In this distressing situation, it is our duty to prepare the means of defense and offense, and to accelerate the work of winning over as large a portion of the proletariat as possible (...)

Through the struggle for economic interests, not only female workers and peasant women, but also housewives of the petty bourgeoisie must be drawn into the orbit of the Party and the communist proletariat, of our principles; not because these are “good” or “just”—such qualifications being subjective—but because they represent the interpretation of inevitable social and political phenomena, for whose establishment our propaganda prepares the material conditions.



Against the facile rhetoric of the bourgeoisie, a healthy language distinguishes a communist newspaper, as stated in Issue 5, May 1922
Against the Pitfalls of the Bourgeois Press

The newspaper is a sincere expression of the soul, thought, and will of the proletariat: it truthfully places daily events within the broader framework of collective life, naturally revealing their origins and effects; through a continuous effort at clarification, it gives the proletariat a precise sense of how its struggle proceeds and what it aims for; and, without dangerous illusions, without false promises, without hypocritical recriminations, shows the proletariat its path, which is hard, harsh, and painful, but which alone can save the proletariat from evils far worse than those suffered so far and humanity from a return to the bleakest barbarism.”

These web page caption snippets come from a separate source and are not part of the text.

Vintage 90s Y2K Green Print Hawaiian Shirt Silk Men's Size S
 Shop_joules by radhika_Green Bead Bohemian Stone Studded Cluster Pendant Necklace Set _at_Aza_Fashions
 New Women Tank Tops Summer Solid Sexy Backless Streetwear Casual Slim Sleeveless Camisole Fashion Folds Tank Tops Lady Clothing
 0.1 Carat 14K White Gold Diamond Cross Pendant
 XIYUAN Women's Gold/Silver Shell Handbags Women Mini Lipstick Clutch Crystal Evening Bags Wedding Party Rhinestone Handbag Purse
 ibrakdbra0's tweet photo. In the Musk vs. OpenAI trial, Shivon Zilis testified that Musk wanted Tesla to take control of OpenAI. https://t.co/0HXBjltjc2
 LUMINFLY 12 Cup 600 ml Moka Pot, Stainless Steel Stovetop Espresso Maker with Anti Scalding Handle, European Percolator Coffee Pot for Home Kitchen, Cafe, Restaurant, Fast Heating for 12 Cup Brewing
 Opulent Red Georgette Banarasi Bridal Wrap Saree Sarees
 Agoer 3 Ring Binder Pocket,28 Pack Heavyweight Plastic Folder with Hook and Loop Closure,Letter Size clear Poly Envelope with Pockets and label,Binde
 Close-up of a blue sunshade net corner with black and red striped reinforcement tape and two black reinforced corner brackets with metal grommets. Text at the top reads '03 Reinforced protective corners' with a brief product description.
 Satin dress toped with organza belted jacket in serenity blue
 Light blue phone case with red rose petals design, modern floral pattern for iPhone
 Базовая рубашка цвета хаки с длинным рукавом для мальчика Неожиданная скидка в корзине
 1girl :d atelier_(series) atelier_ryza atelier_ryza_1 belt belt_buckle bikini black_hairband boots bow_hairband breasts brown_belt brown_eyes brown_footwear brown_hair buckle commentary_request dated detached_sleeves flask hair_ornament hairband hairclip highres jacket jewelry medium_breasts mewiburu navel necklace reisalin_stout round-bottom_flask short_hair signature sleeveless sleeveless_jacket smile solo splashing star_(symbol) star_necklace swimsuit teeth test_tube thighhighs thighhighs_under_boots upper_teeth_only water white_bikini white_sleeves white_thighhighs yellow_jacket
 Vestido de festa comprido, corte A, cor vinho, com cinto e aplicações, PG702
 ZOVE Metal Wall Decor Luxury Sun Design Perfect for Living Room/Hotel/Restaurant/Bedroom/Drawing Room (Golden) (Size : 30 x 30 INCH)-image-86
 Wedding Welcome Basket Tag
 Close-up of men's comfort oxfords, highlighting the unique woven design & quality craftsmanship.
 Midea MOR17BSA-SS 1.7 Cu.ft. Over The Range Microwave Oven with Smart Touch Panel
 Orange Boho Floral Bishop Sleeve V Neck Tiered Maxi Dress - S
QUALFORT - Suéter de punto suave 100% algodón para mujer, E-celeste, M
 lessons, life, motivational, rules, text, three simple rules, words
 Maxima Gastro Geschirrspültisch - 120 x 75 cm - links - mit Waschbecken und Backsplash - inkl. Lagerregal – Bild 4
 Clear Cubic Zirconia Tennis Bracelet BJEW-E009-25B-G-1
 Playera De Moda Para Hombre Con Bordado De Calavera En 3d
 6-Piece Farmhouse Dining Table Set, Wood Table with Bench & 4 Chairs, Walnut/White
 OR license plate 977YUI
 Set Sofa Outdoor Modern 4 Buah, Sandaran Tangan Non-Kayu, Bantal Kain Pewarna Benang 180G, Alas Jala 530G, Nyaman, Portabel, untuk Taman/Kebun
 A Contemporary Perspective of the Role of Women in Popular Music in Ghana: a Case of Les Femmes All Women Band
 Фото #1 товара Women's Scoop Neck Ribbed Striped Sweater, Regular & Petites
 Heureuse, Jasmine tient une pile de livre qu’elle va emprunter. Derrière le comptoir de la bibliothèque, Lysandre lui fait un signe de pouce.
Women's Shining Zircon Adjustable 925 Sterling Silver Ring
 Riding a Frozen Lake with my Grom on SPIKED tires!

Also in Issue 2 of March 19, 1922
To our female contributors

The articles sent to us for publication must be brief.

We need contributions on issues of the utmost interest to working women. We do not accept useless rhetorical flights of fancy or long, cloying laments.

We want writings by female workers and peasant women on real problems that arise every day in the social life of proletarian women. Our intellectual comrades should seek to address topics that capture the interest of female workers, peasant women, and office workers.

We have received many articles; but few of these fit the “tone” we intend to give this publication. We cannot write individually to the comrades whose writings are not published to explain the reasons for their non-publication. Let this serve as a reminder to all: brevity, simplicity of presentation, and the need to express “concepts”—even in a straightforward manner—regarding the myriad problems that the lives of working-class women present, while avoiding poetic and sentimental motifs that are often not even in good taste and which, in any case, we do not believe should find a place in this publication.



Finally, we reproduce in full this article, which appeared in Issue No. 5 of May 1922, and which clearly expresses the purpose of our publication, then as now
Our Principles

Compagna is the title of our modest newspaper, which aims to reach out to female workers, domestic proletarians, and all our class sisters—including those who are still unaware or not fully aware of their enslavement and their rights: to the female workers, to the proletarian housewives who were led to consider the existing social order for the first time by the horrors of war; who subsequently realized, albeit vaguely, the injustice of which they are victims, and vaguely recognized for themselves and their comrades the right to free themselves from it; who welcomed, though without fully understanding it, the Russian Revolution as the beginning of something new and better created in their interest; who today perhaps feel their faith waver a little simply because it had not been and is not nourished by any precise knowledge; and whom we wish to reach and enlighten in order to transform them into true and steadfast comrades in faith and struggle.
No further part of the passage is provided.